PODCAST: 'Default Day' could be a week or two later, Investors turn to franc
Here are today's top headlines from the Marketplace Morning Report and from around the web.
Home prices in major U.S. cities rose for the second straight month in May, propped up by an annual flurry of spring buyers.
Ford said today its profit dropped in the second quarter. And Chrysler reported a loss, but said the loss would've been a profit if it didn't have to pay back bailout money to the government.
Mostly continuing political debate over whether -- and most importantly, how -- to raise the nation's debt ceiling before the country is supposed to default in one week. But that day -- August 2nd may not be right. Because analysts say tax revenues are running stronger than expected, that actual D -- for Default - Day could be as much as a week or two later than originally thought.
Currency investors are in a Zurich state of mind. With the dollar losing some of its shine investors are pouring money into the Swiss franc.
Netflix says the fee hike its rolling out is going to cost it -- shares of the movie rental company fell 10 percent yesterday.
The U.S. postal service will announce today it's looking at shutting down 1 out of 10 of its retail stores.
United Parcel Service, the world's largest package delivery company, said second-quarter profit rose, slightly beating Wall Street forecasts.
Billionaire George Soros is getting out of the investment game... for other people. Bloomberg reports Soros's firm will give back nearly a billion dollars to outside investors. And will then focus solely on Soros family investments.
You know all those fees that show up on your cell phone bills? Here's a little schadenfreude: Los Angeles is suing AT&T for failing to pay nearly $5 million for a "communications user tax." Maybe if AT&T has to sit on the phone for a few hours trying to find out exactly what a communications user tax is... we could call it even.

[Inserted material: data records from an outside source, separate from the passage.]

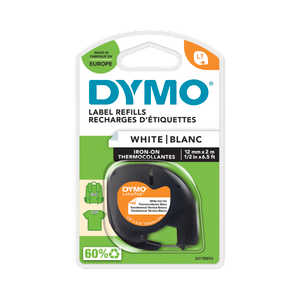 DYMO LetraTag Tape -  Iron-On - Black on White - 12mmx2m-DS0718850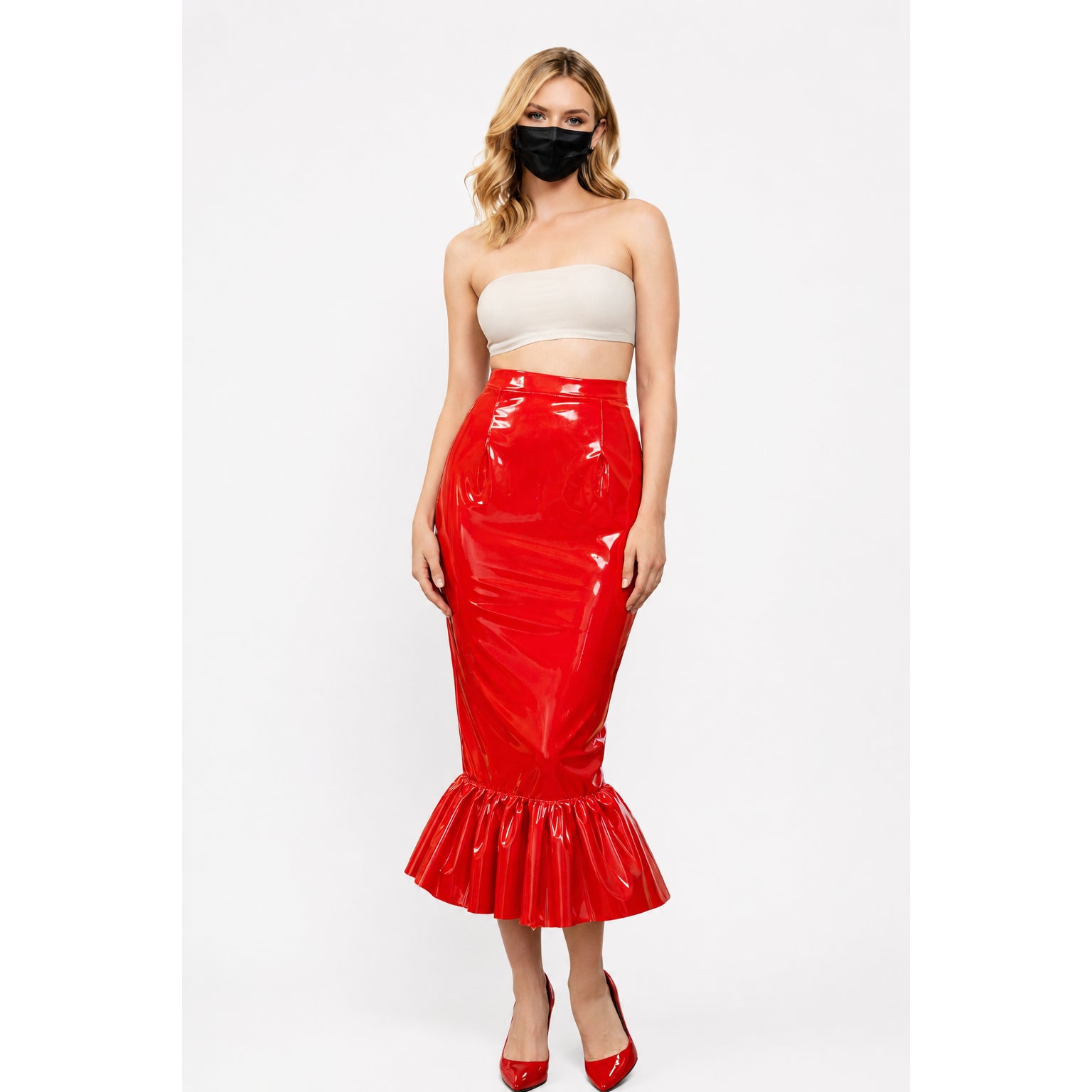 Jupe courte moulante rouge en PVC G3982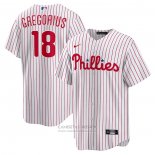 Camiseta Beisbol Hombre Philadelphia Phillies Didi Gregorius Primera Replica Blanco Rojo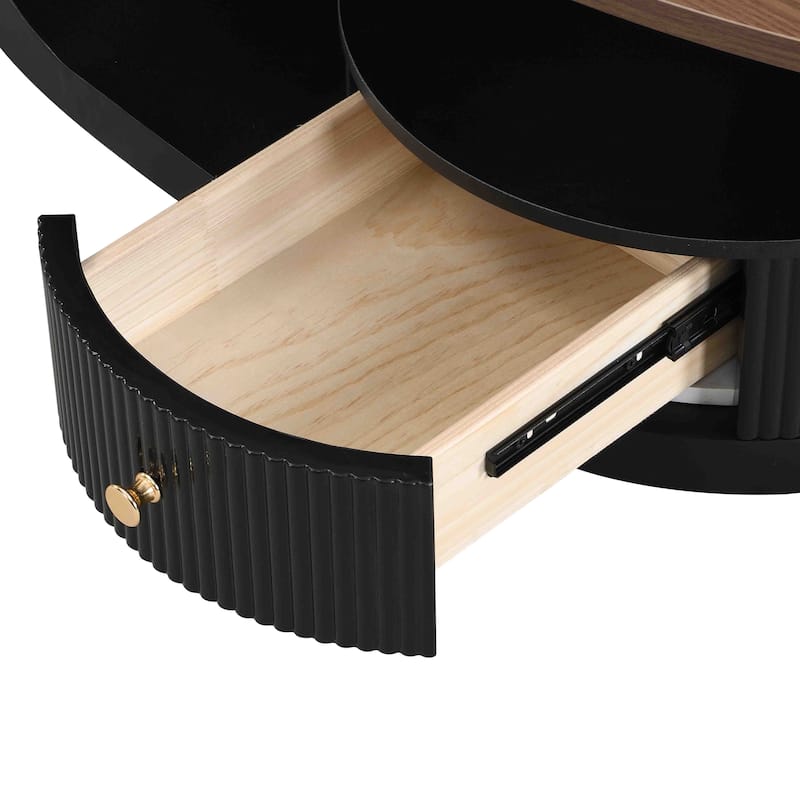 Nesting Coffee Table Set of 2, Wood Top Storage Center Table with Drawers, Oval Cocktail Table and Round Side Table Set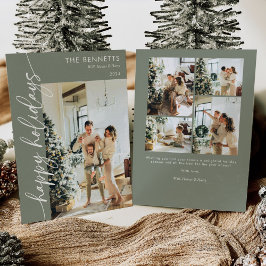 ミニマルモダンリストハッピーホリデーズフォトコラージュ シーズンカード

Finally, a group of English villagers wanted to break a world record and create the world's smallest pub. So they started pouring pints for patrons in one of those red London telephone booths. Ah, alas, the bar didn't have a license to pour those pints. So the current record stands... The smallest permanent licensed bar in the world is still the 91-square-foot pub in Switzerland known simply as The Smallest Whisky Bar on Earth.